A VIF value close to 1 indicates that there is very little multicollinearity for the predictor variable, whereas a high VIF value (e.g., greater than 5 or 10, depending on the context) suggests that multicollinearity may be a problem for the predictor variable, and its estimated coefficient might be less reliable. Keep in mind that VIF only provides an indication of the presence and severity of multicollinearity and does not directly address the issue. Depending on the VIF values and the goals of the analysis, you might consider using techniques like variable selection, regularization, or dimensionality reduction methods to address multicollinearity.
Condition No. :-> In the context of multicollinearity, the condition number is a diagnostic measure used to assess the stability and potential numerical issues in a multiple linear regression model. It provides an indication of the severity of multicollinearity by examining the sensitivity of the linear regression to small changes in the input data. The condition number is calculated as the ratio of the largest eigenvalue to the smallest eigenvalue of the matrix XᵀX, where X is the design matrix of the regression model (each row representing an observation and each column representing a predictor variable). A high condition number suggests that the matrix XᵀX is ill-conditioned and can lead to numerical instability when solving the normal equations for the regression coefficients. In the presence of multicollinearity, the design matrix X has highly correlated columns, which can cause the eigenvalues of XᵀX to be very different in magnitude (one or more very large eigenvalues and one or more very small eigenvalues). As a result, the condition number becomes large, indicating that the regression model may be sensitive to small changes in the input data, leading to unstable coefficient estimates. Typically, a condition number larger than 30 (or sometimes even larger than 10 or 20) is considered a warning sign of potential multicollinearity issues. However, the threshold for the condition number depends on the specific application and the level of concern about multicollinearity. It's important to note that a high condition number alone is not definitive proof of multicollinearity. It is an indication that multicollinearity might be a problem, and further investigation (e.g., using VIF, correlation matrix, or tolerance values) may be required to confirm the presence and severity of multicollinearity.

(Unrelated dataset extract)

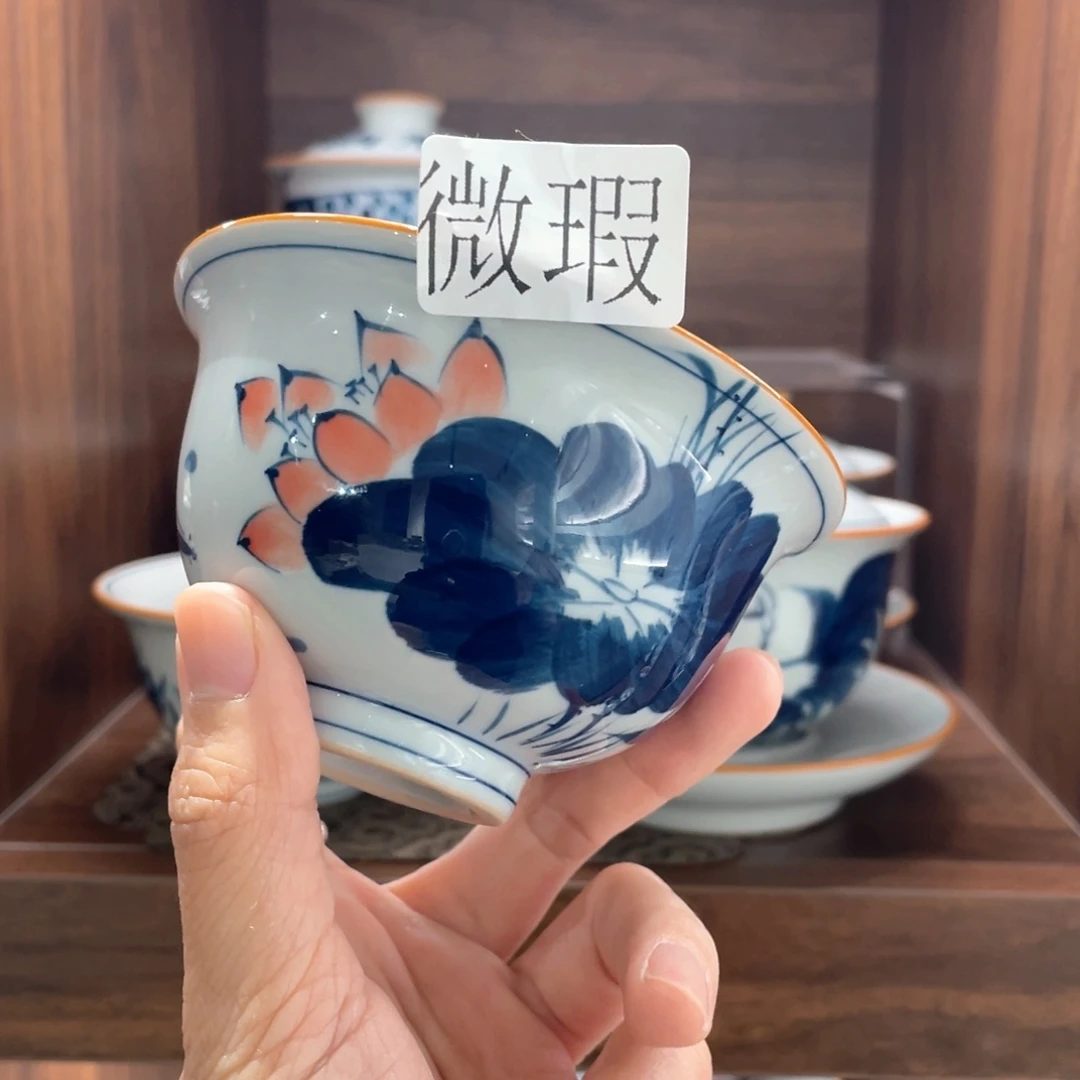 釉下手绘茶具微瑕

How to remove multicollinearity
Collect more data: In some cases, multicollinearity might be a result of a limited sample size. Collecting more data, if possible, can help reduce multicollinearity and improve the stability of the model.

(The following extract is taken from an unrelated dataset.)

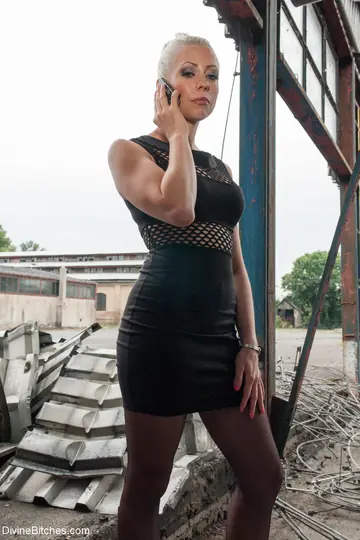 Blonde Czech MILF Dominates Bound Man Outdoors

Remove one of the highly correlated variables: If two or more independent variables are highly correlated, consider removing one of them from the model. This step can help eliminate redundancy in the model and reduce multicollinearity. Choose the variable to remove based on domain knowledge, variable importance, or the one with the highest VIF.

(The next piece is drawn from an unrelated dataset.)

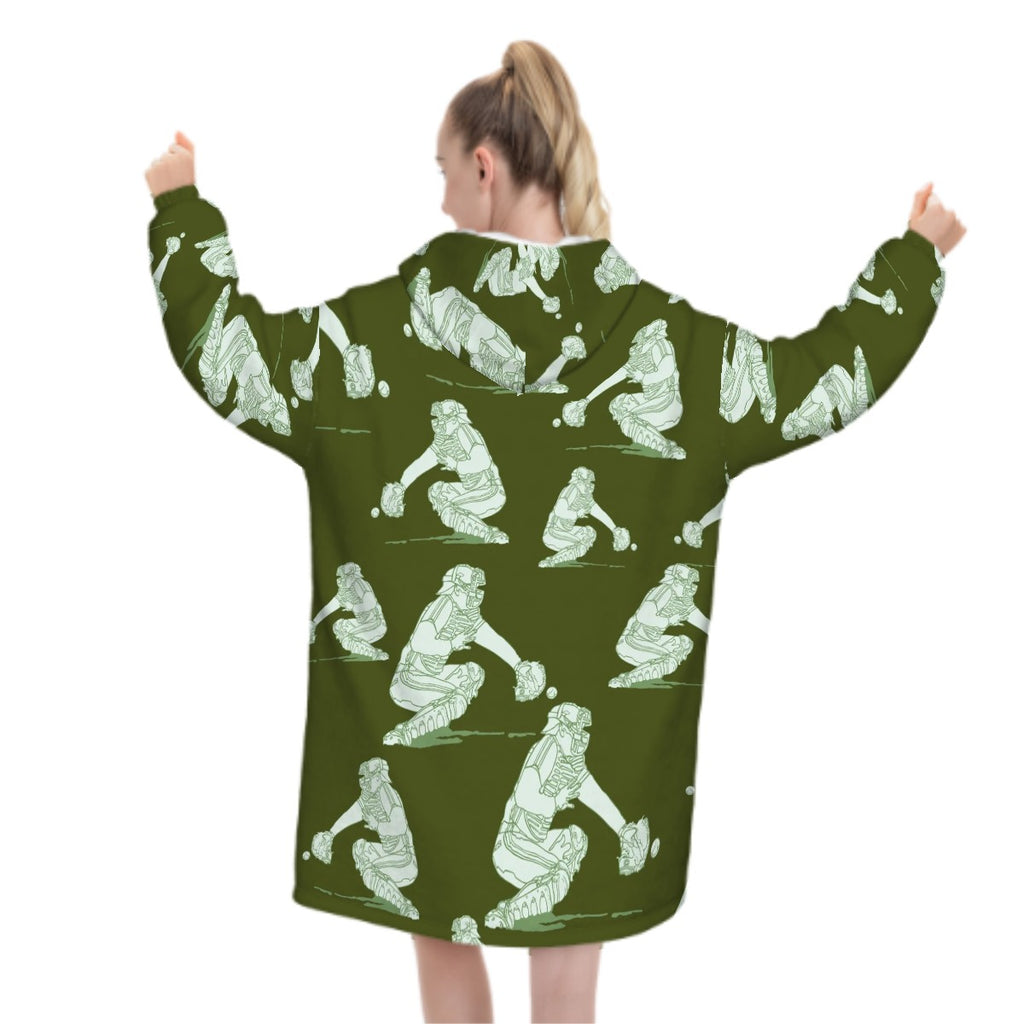 Adult Blanket Sweatshirt - Baseball Catcher Army Green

Combine correlated variables: If correlated independent variables represent similar information, consider combining them into a single variable. This combination can be done by averaging, summing, or using other mathematical operations, depending on the context and the nature of the variables.
Use partial least squares regression (PLS): PLS is a technique that combines features of both principal component analysis and multiple regression. It identifies linear combinations of the predictor variables (called latent variables) that have the highest covariance with the response variable, reducing multicollinearity while retaining most of the predictive power.